The Lyman Continuum escape fraction of galaxies at z=3.3 in the VUDS-LBC/COSMOS field
A. Grazian, E. Giallongo, R. Gerbasi, F. Fiore, A. Fontana, O. Le, Fevre, L. Pentericci, E. Vanzella, G. Zamorani, P. Cassata, B. Garilli, V. Le, Brun, D. Maccagni, L.A.M. Tasca, R. Thomas, E. Zucca, R. Amorin, S. Bardelli,, L.P. Cassara', M. Castellano, A. Cimatti, O. Cucciati

TL;DR
This study investigates the escape fraction of Lyman continuum photons from galaxies at z~3.3, finding that bright galaxies alone likely cannot sustain the IGM ionization, implying fainter galaxies or AGN may be key contributors.
Contribution
First direct measurement of LyC escape fraction in a sample of z~3.3 galaxies using deep imaging, revealing low escape fractions and challenging their role in cosmic reionization.
Findings
Most galaxies show negligible LyC escape, with only two marginal detections.
The average escape fraction is constrained to less than 2%.
Bright galaxies at z~3.3 are unlikely to sustain IGM ionization alone.
Abstract
The Lyman continuum (LyC) flux escaping from high-z galaxies into the IGM is a fundamental quantity to understand the physical processes involved in the reionization epoch. We have investigated a sample of star-forming galaxies at z~3.3 in order to search for possible detections of LyC photons escaping from galaxy halos.

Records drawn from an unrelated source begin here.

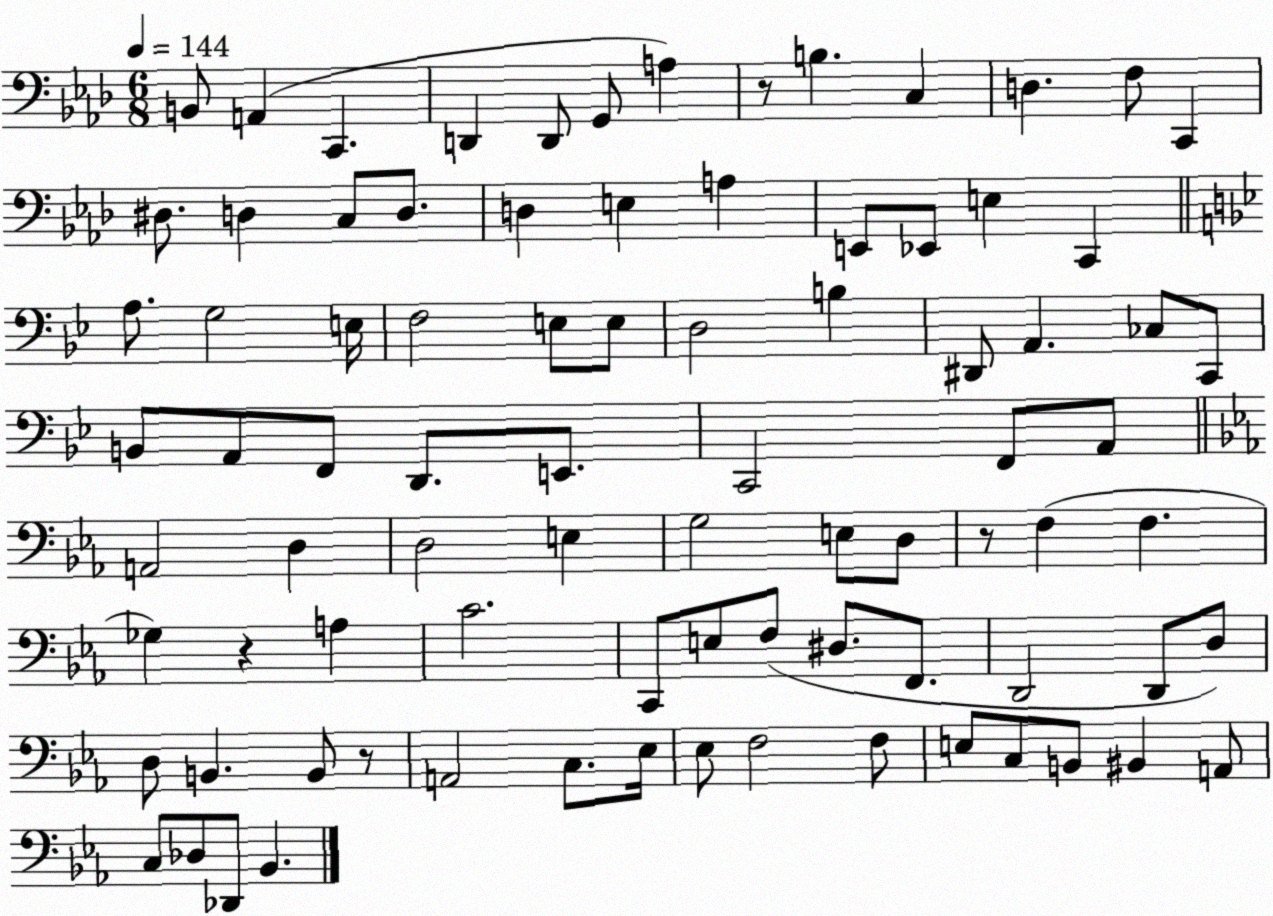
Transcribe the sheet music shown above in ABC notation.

X:1
T:Untitled
M:6/8
L:1/4
K:Ab
B,,/2 A,, C,, D,, D,,/2 G,,/2 A, z/2 B, C, D, F,/2 C,, ^D,/2 D, C,/2 D,/2 D, E, A, E,,/2 _E,,/2 E, C,, A,/2 G,2 E,/4 F,2 E,/2 E,/2 D,2 B, ^D,,/2 A,, _C,/2 C,,/2 B,,/2 A,,/2 F,,/2 D,,/2 E,,/2 C,,2 F,,/2 A,,/2 A,,2 D, D,2 E, G,2 E,/2 D,/2 z/2 F, F, _G, z A, C2 C,,/2 E,/2 F,/2 ^D,/2 F,,/2 D,,2 D,,/2 D,/2 D,/2 B,, B,,/2 z/2 A,,2 C,/2 _E,/4 _E,/2 F,2 F,/2 E,/2 C,/2 B,,/2 ^B,, A,,/2 C,/2 _D,/2 _D,,/2 _B,, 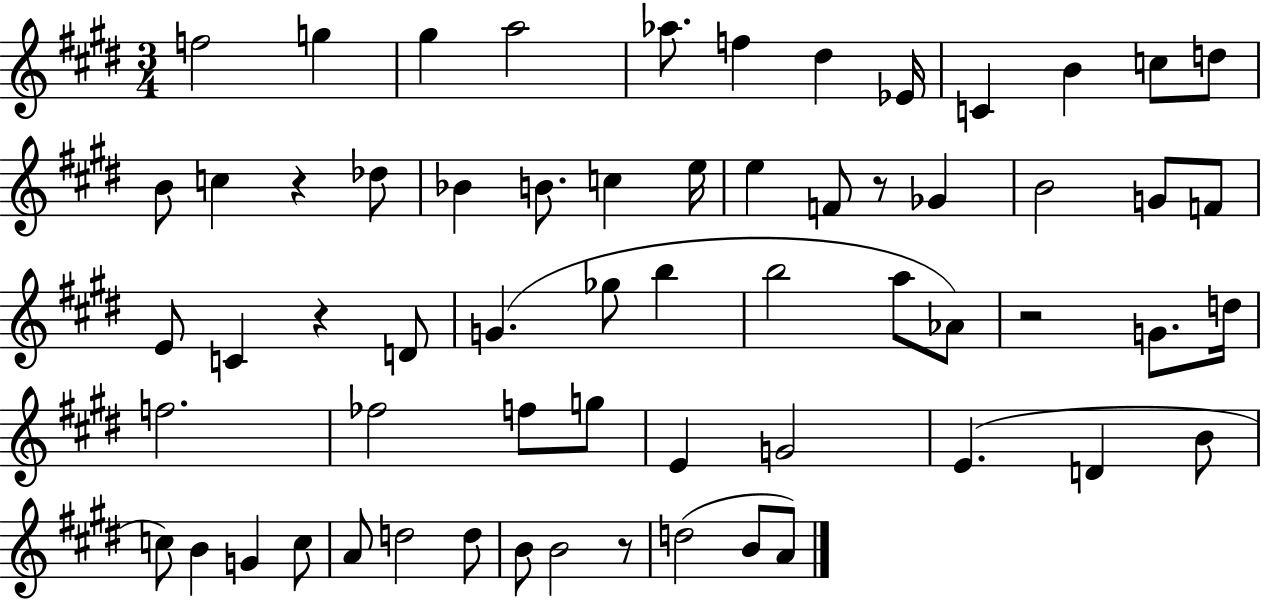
F5/h G5/q G#5/q A5/h Ab5/e. F5/q D#5/q Eb4/s C4/q B4/q C5/e D5/e B4/e C5/q R/q Db5/e Bb4/q B4/e. C5/q E5/s E5/q F4/e R/e Gb4/q B4/h G4/e F4/e E4/e C4/q R/q D4/e G4/q. Gb5/e B5/q B5/h A5/e Ab4/e R/h G4/e. D5/s F5/h. FES5/h F5/e G5/e E4/q G4/h E4/q. D4/q B4/e C5/e B4/q G4/q C5/e A4/e D5/h D5/e B4/e B4/h R/e D5/h B4/e A4/e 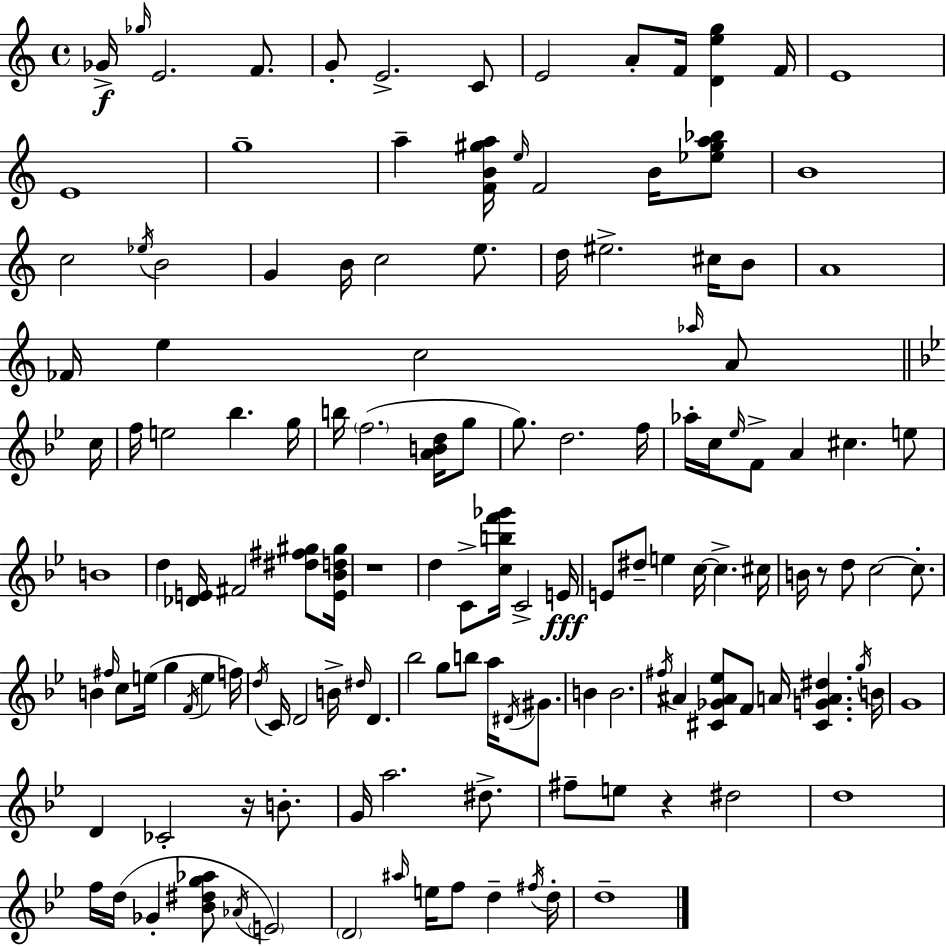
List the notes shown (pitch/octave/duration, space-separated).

Gb4/s Gb5/s E4/h. F4/e. G4/e E4/h. C4/e E4/h A4/e F4/s [D4,E5,G5]/q F4/s E4/w E4/w G5/w A5/q [F4,B4,G#5,A5]/s E5/s F4/h B4/s [Eb5,G#5,A5,Bb5]/e B4/w C5/h Eb5/s B4/h G4/q B4/s C5/h E5/e. D5/s EIS5/h. C#5/s B4/e A4/w FES4/s E5/q C5/h Ab5/s A4/e C5/s F5/s E5/h Bb5/q. G5/s B5/s F5/h. [A4,B4,D5]/s G5/e G5/e. D5/h. F5/s Ab5/s C5/s Eb5/s F4/e A4/q C#5/q. E5/e B4/w D5/q [Db4,E4]/s F#4/h [D#5,F#5,G#5]/e [E4,Bb4,D5,G#5]/s R/w D5/q C4/e [C5,B5,F6,Gb6]/s C4/h E4/s E4/e D#5/e E5/q C5/s C5/q. C#5/s B4/s R/e D5/e C5/h C5/e. B4/q F#5/s C5/e E5/s G5/q F4/s E5/q F5/s D5/s C4/s D4/h B4/s D#5/s D4/q. Bb5/h G5/e B5/e A5/s D#4/s G#4/e. B4/q B4/h. F#5/s A#4/q [C#4,Gb4,A#4,Eb5]/e F4/e A4/s [C#4,G4,A4,D#5]/q. G5/s B4/s G4/w D4/q CES4/h R/s B4/e. G4/s A5/h. D#5/e. F#5/e E5/e R/q D#5/h D5/w F5/s D5/s Gb4/q [Bb4,D#5,G5,Ab5]/e Ab4/s E4/h D4/h A#5/s E5/s F5/e D5/q F#5/s D5/s D5/w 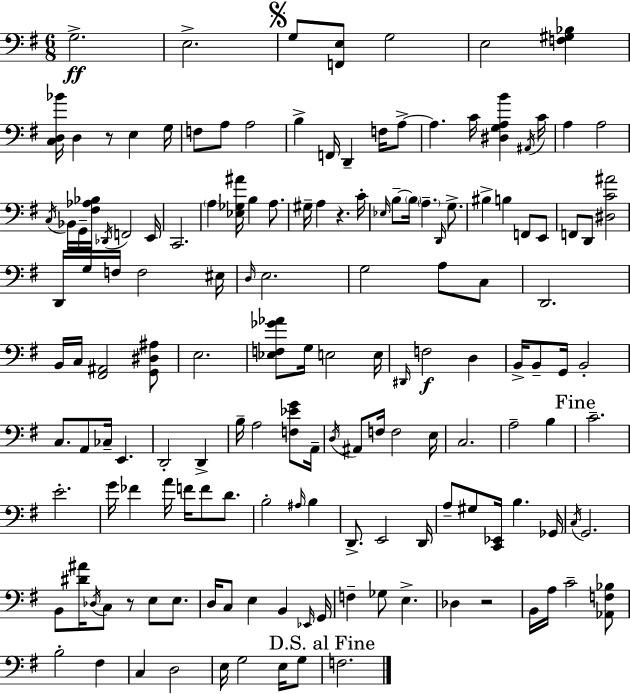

UV deep imaging in the COSMOS field obtained with the prime focus camera LBC at the LBT telescope was used together with a catalog of spectroscopic redshifts obtained by the VIMOS Ultra Deep Survey (VUDS) to build a sample of 45 galaxies at z~3.3 with L>0.5L*. We obtained deep LBC images of galaxies with spectroscopic redshifts in the interval 3.27<z<3.40 both in the R and deep U bands. A sub-sample of 10 galaxies apparently shows escape fractions>28% but a detailed analysis of their properties reveals that, with the exception of two marginal detections (S/N~2) in the U…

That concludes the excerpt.